You should be using np.select for more than a binary outcome.
1

A more scalable version is using dictionary of conversion:

my_dict = {'a':0, 'b':1, 'c':2}
x = np.vectorize(my_dict.get)(x)

output:

[0 1 0 2 1 1 2 0]

Another approach is:

np.select([x==i for i in ['a','b','c']], np.arange(3))

For small dictionary @ypno's answer is going to be faster.
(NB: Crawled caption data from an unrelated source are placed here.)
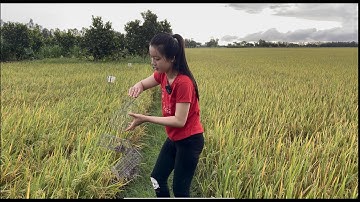 Bẫy Chuột Đồng Mùa Lúa Chín l 136#CGQ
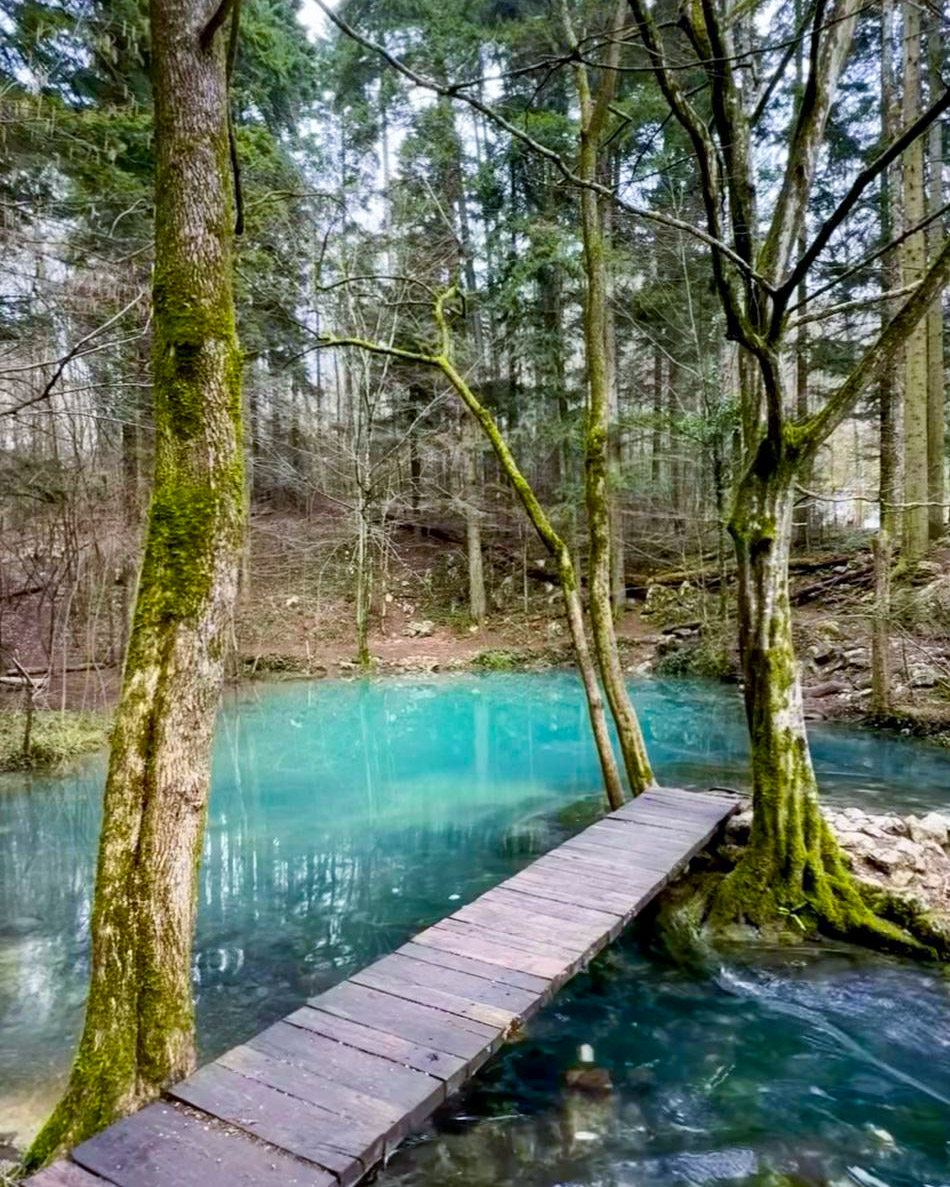 Lacul Ochiul BeiuluiSursa foto: Facebook/ Banatul Montan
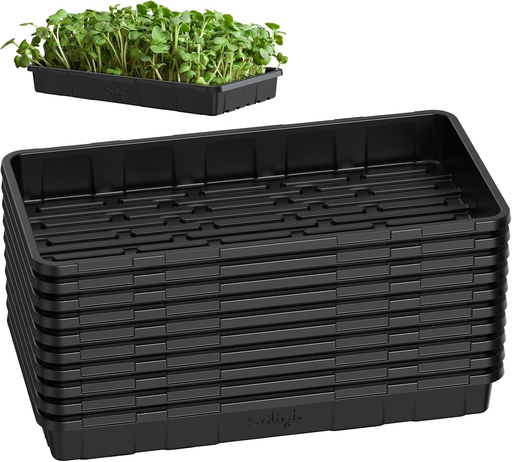 Bandejas de cultivo 10 Pcs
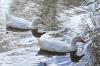 Patos blancos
For larger dictionary, use this answer.


Time Comparison:

Ternary alphabet:

lst = ['a','b','c']
my_dict = {k: v for v, k in enumerate(lst)}

#@Ehsan's solution1
def m1(x):
  return np.vectorize(my_dict.get)(x)

#@ypno's solution
def m2(x):
  return np.where(x == 'a', 0, (np.where(x == 'b', 1, 2)))

#@SteBog's solution
def m3(x):
  y = np.where(x=='a', 0, x)
  y = np.where(x=='b', 1, y)
  y = np.where(x=='c', 2, y)
  return y.astype(np.integer)

#@Ehsan's solution 2 (also suggested by user3483203 in comments)
def m4(x):
   return np.select([x==i for i in lst], np.arange(len(lst)))
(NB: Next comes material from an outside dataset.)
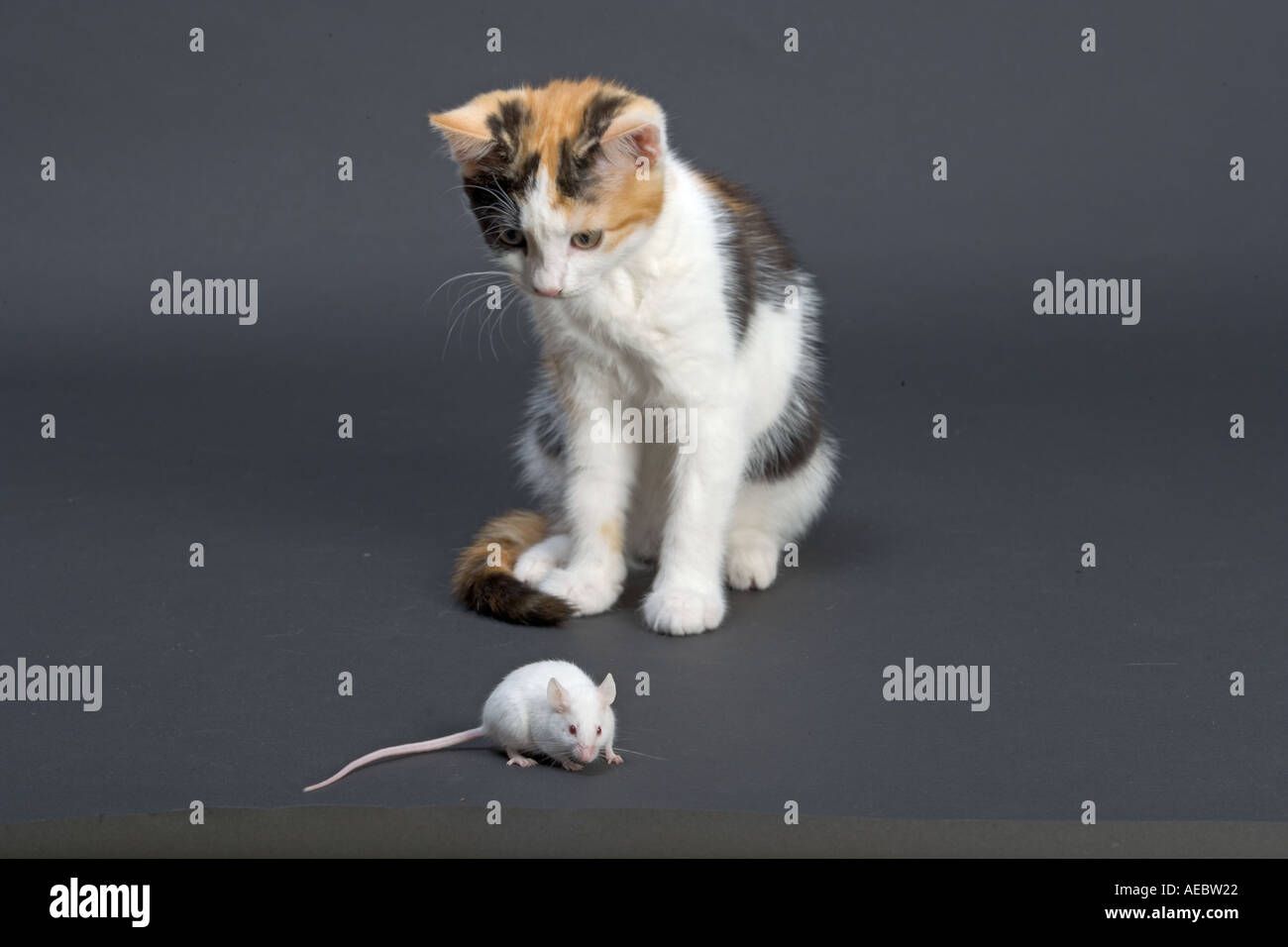 Cat And Mouse Friends High Resolution Stock Photography And Images Alamy
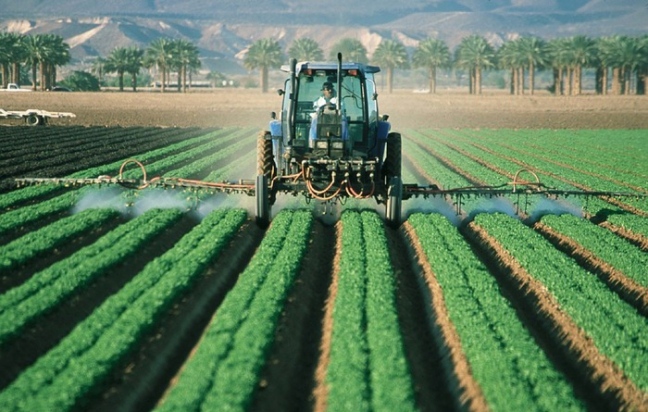 Châu Âu gắn sản xuất nông nghiệp với tiêu chuẩn về môi trường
#@juanpa.arrivillaga's solution suggested in comments
def m5(x):
  return np.array([my_dict[i] for i in x.tolist()])

in_ = [np.random.choice(lst, size = n) for n in [10,100,1000,10000,100000]]

enter image description here

Same analysis for 8 letter alphabet:

lst = ['a','b','c','d','e','f','g','h']

enter image description here

6 Comments

why use np.vectorize? it really should be avoided. Almost certainly, np.array([my_dict[x] for x in array.tolist()]) will be faster.
@juanpa.arrivillaga Thank you for your suggestion. Could you please provide more information as to why it really should be avoided. Almost certainly? I am not aware of the implementation details, but if you think it is a bad implementation in Numpy, maybe you can raise it to the Numpy developers. However, one personal answer would be readability which is subjective. Another, is that np.vectorize seems to be faster for larger arrays than a list comprehension. I will add time comparison for better judgement. Thank you.
Straight from the documentation: "The vectorize function is provided primarily for convenience, not for performance. The implementation is essentially a for loop."
@juanpa.arrivillaga Interesting. Thank you for the response. Please checkout the time analysis I updated. Seems like vectorize is slightly faster for larger arrays. Unless, I have missed something, there seems to be some sort of optimization difference in vectorize and simple loop.
likely, it's the overhead of converting to list. If I were actually doing this, I wouldn't be using a numpy.ndarray to begin with. Try it without .tolist(), and then try it with with a regular list, and I bet you will see, it is faster with the list comprehension.